On aurait tort de sous-estimer les périls associés à cette nouvelle conjoncture politico-idéologique. La condition nécessaire pour que les classes capitalistes consentent à une intervention publique permettant de sortir du chômage endémique et du sous-emploi des capacités productives, c’est une destruction des forces qui permettent au monde du travail d’interférer sur l’agenda politique.

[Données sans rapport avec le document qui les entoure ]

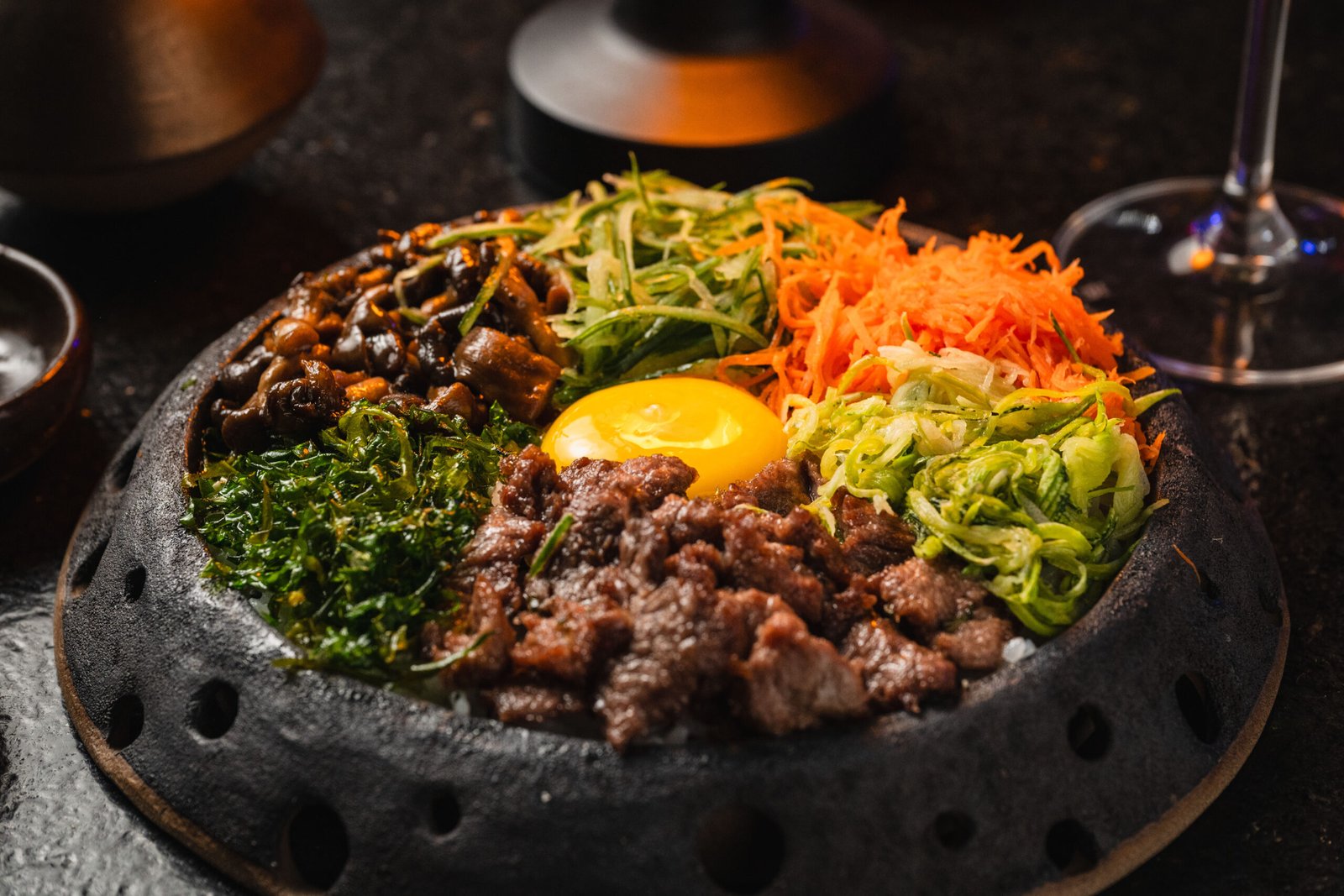 Prato oriental com carne, ovo e vegetais coloridos no Yokocho Izakaya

Outre-Atlantique, une telle annihilation est clairement à l’ordre du jour. Le casting gouvernemental est sans ambiguïté sur ce point et devrait se traduire par l’extension des lois right-to-work qui prohibent un des rares éléments de résilience des syndicats aux Etats-Unis : les accords qui obligent les salariés de certains secteurs à s’organiser [9] . De même, avec l’intensification promise des expulsions des travailleurs sans-papiers, nombres d’entreprises vont perdre une réserve de main d’œuvre à bas prix, mais pour les classes dominantes en général il y a là un dérivatif à la colère sociale et un facteur de divisions entre les subalternes dont elles peuvent bénéficier.
Face à l’échec économique du néolibéralisme, les options habituelles s’amenuisent mais la présidence Trump peut ré-ouvrir le jeu pour le capital. L’optimisme de la volonté conduit à voir dans cette conjoncture une opportunité pour un élargissement des résistances dont l’issue victorieuse pourrait être favorisée par des fractures ouvertes au sein des classes dominantes, notamment via le jeu politique entre les États et l’État fédéral. Mais le pessimisme de l’intelligence oblige à envisager le pire. Si la situation économique venait à se dégrader davantage, force est de constater que les pièces qui s’assemblent aujourd’hui dessinent une option politique néo-interventionniste, nationaliste et autoritaire. La valse des affreux.